Come qualcuno che è arrivato da Marte e predica un Vangelo che non hanno mai sentito. Ti osservano con quell’aria stupita, piena di sospetti e di pregiudizi. Dai loro occhi traspare il loro pensiero: questo è un eretico, o peggio, un fasciopopulista. Poi ti chiedono, quasi con curiosità frammista a compassione, cosa dovrebbero votare secondo te. Tu non gli dai un partito o un candidato. Semplicemente gli spieghi la necessità di sostenere quei programmi e quegli ideali che propongono la fuga dalla gabbia europea, dall’illusione di una moneta unica venefica che è la causa principe di quella montagne di tasse che versiamo allo Stato, e loro scuotono la testa e ti dicono che quelli – appunto – son fascisti, quegli altri son razzisti, quelli invece son populisti. Loro invece sono un’altra cosa. Sono europeisti e vogliono la moneta unica: la gabbia.
Dunque chiedi loro, qual è la ricetta. Ed eccoli lì, che ti sgranano il loro stucchevole rosario europeista-neoliberista, fatto di meno Stato, meno istruzione pubblica, meno sanità per tutti, più privatizzazioni, più lavoro precario, perché – sostengono orgogliosi – tutto sommato il precariato è giusto: il lavoro deve essere messo in concorrenza, deve essere reso un fattore della produzione flessibile, il cui costo può e deve variare come quello di un qualsiasi altro fattore (sicché utilizzi quello più conveniente), fregandotene altamente se quel fattore sia fatto di carne e ossa e abbia una famiglia, un progetto di vita e dunque relazioni sociali.
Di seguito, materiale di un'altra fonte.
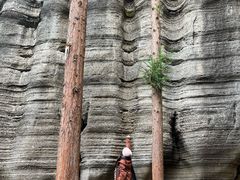 -梭布垭石林景区
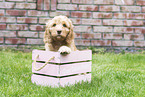 Australian Cobberdog Puppy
Anzi, meglio ancora se non ha né famiglia né progetto di vita. Meglio dunque il single. Bisogna accettare le sfide e mettersi in gioco.
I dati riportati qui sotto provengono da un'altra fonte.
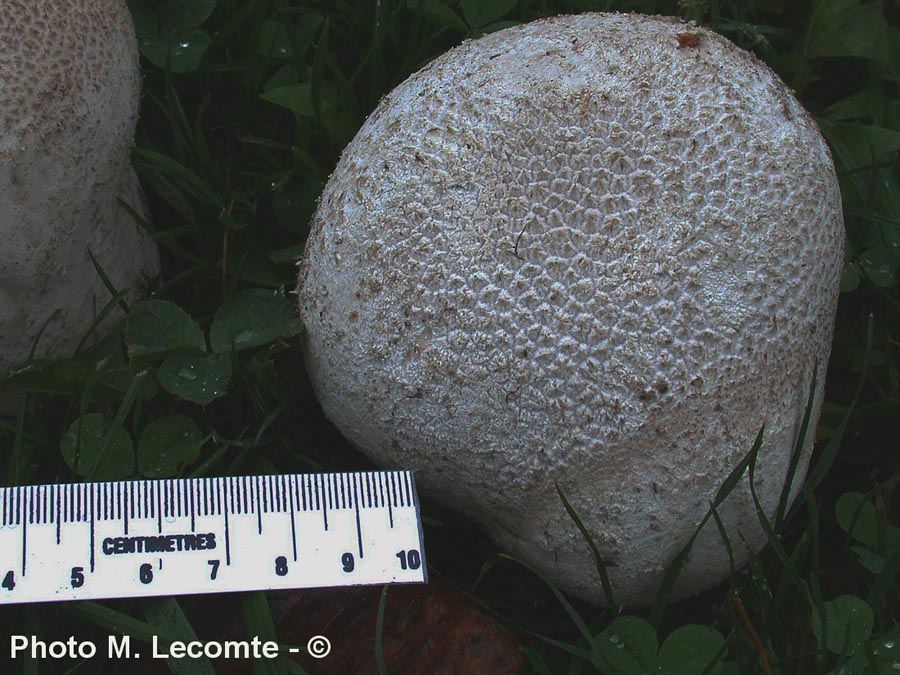 Calvatia utriformis (Lycoperdon utriforme)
Dunque, per costoro la soluzione non è fuggire dalla gabbia, dal giogo europeista, dalle catene della schiavitù eurista, ma è restarci, possibilmente alla grande, a spese dei più deboli. Meno risorse per le fasce più deboli ed esposte all’austerità monetaria, più ossigeno per loro. Sicché, nel loro contorto ed egoista ragionamento, non si deve inseguire il populismo, ma i “competenti”, che sono quelli che predicano le soavi catene euriste, e che addolciscono la prigionia con il sogno ultraliberista della privatizzazione dello Stato, che – sempre secondo il loro contorto ragionamento – porterà un giorno alla liberazione fiscale. Peccato, però, solo per quei pochi che ancora avranno un imponibile da tassare.